There’s a lot of buzz this year about the idea that education could be a winning issue for Democrats in the 2018 election. Candidates who are thinking about highlighting their support for public schools could look for inspiration to the 2012 Indiana election for superintendent of public instruction.

Glenda Ritz, a Democrat, won with a campaign that focused on her support for teachers and her opposition to vouchers and test-based school and educator accountability. In the solidly red state of Indiana, Ritz upset the Republican incumbent Tony Bennett, a hero of the national “education reform” crowd.
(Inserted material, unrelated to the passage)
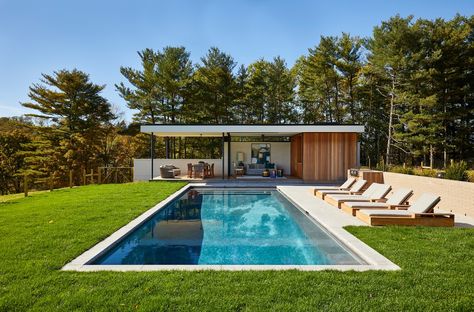 20 conceptions de piscines modernes sensationnelles du milieu du siècle que vous allez obséder Mid Century Modern Pool, Mid Century Pool, Backyard Pool Design, Modern Pool House, Pond Pool, Deck Piscina, Simple Pool, Dream Backyard Pool, Pool House Designs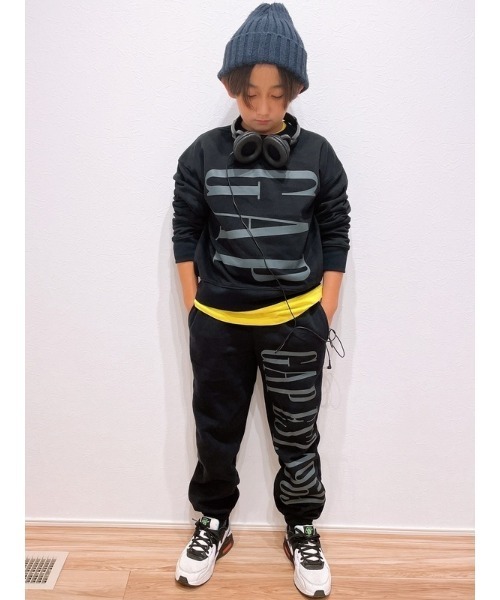 GAP(ギャップ)の「カーボナイズドフリース レインボー GAPロゴ ジョガーパンツ (キッズ)(スウェットパンツ・キッズ・ブラック/ネイビー/グレー・S/M/L/XL/XS/XXL)」の13枚目の写真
Her grassroots campaign succeeded even though she was outspent more than 5-to-1.

Glenda Ritz

Glenda Ritz

Yes, Ritz was running to be Indiana’s chief school official, so it made sense that the race focused on education. But education should also be front-and-center in elections for governor and state legislature, offices that makes the laws governing how schools operate.

Ritz won by mobilizing teachers and their friends and supporters. Scott Elliott, then a reporter with the Indianapolis Star, analyzed the results and concluded she won via “a teacher-led movement, online and word-of-mouth, born of frustration with Bennett, his style and his policies.” If that kind of movement can elect a state superintendent, it could elect governors and legislators too.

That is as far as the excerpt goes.